(MATERIAL PROVIDED begins)

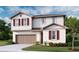 Image 1 of 12: 643 Heritage Square Dr, Haines City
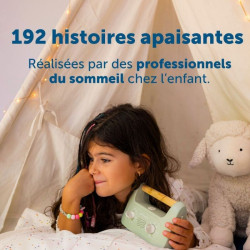 Boite à histoires - Mon Petit morphée - histoires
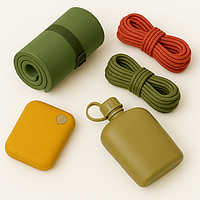 Тактичне приладдя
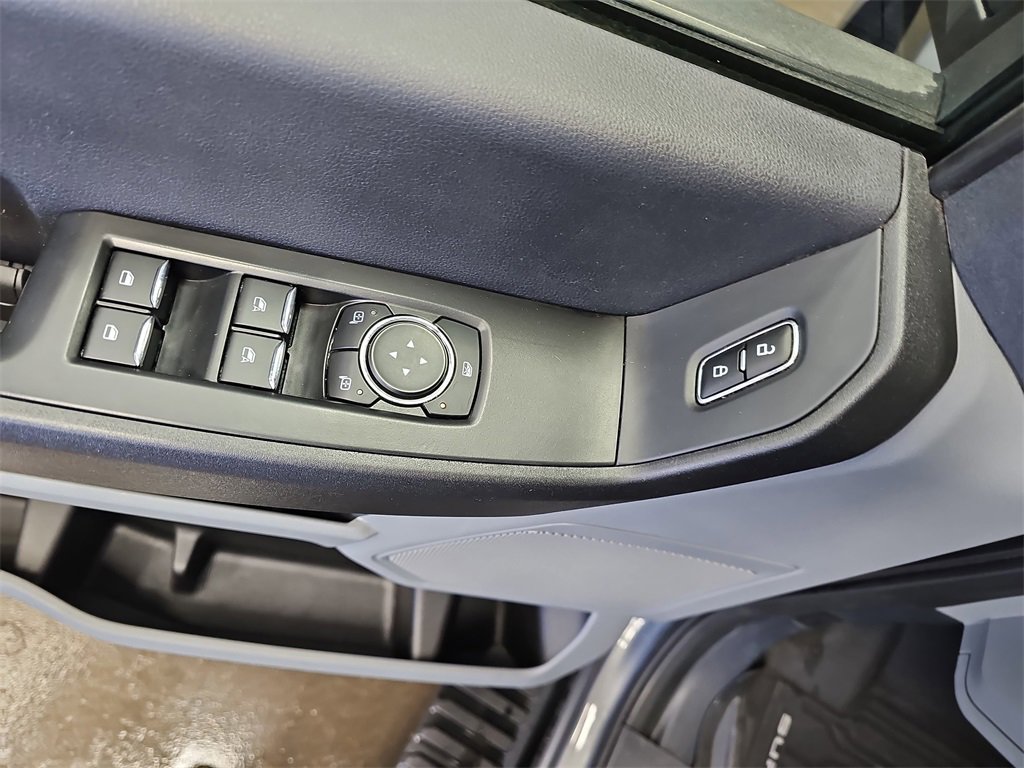 Used 2024 Ford F350 XL w/ XL Driver Assist Package image 27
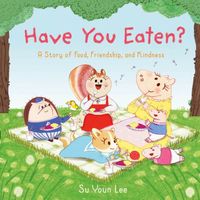 Su Youn Lee's Latest Book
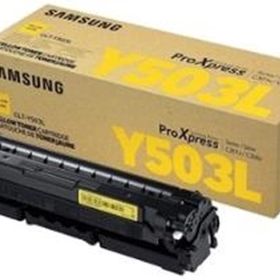 Samsung ProXpress C3010-CLT-Y503L-SU494A Sarı Toner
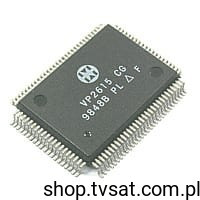 VP2615CG SMD-PQFP100 MITEL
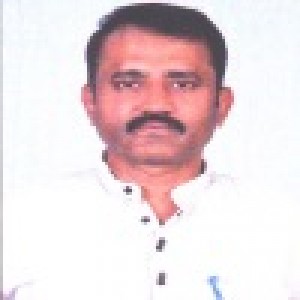 BHARATH KUMAR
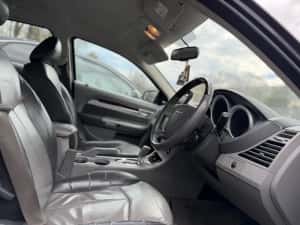 CHRYSLER SEBRING - LIMITED - 170 Cai Putere  - 2007 - 2.4 Benzina — miniatura 8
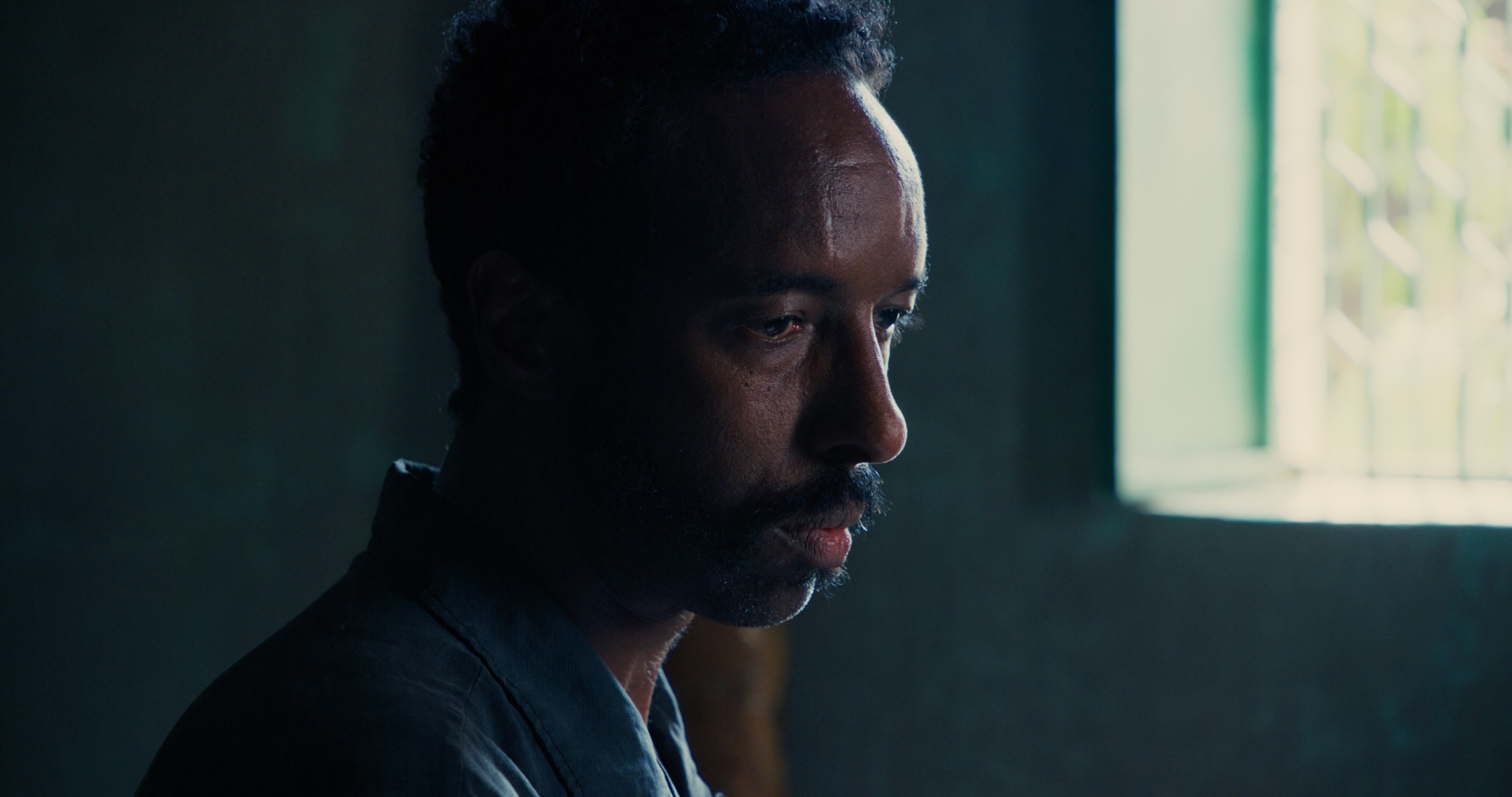 Whispers of a Burning Scent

(MATERIAL PROVIDED ends)

▸ WORK ITEM: Give every entry again verbatim, with no pictures.

▸ FINISHED EXERCISE:
 Image 1 of 12: 643 Heritage Square Dr, Haines City
 Boite à histoires - Mon Petit morphée - histoires
 Тактичне приладдя
 Used 2024 Ford F350 XL w/ XL Driver Assist Package image 27
 Su Youn Lee's Latest Book
 Samsung ProXpress C3010-CLT-Y503L-SU494A Sarı Toner
 VP2615CG SMD-PQFP100 MITEL
 BHARATH KUMAR
 CHRYSLER SEBRING - LIMITED - 170 Cai Putere  - 2007 - 2.4 Benzina — miniatura 8
 Whispers of a Burning Scent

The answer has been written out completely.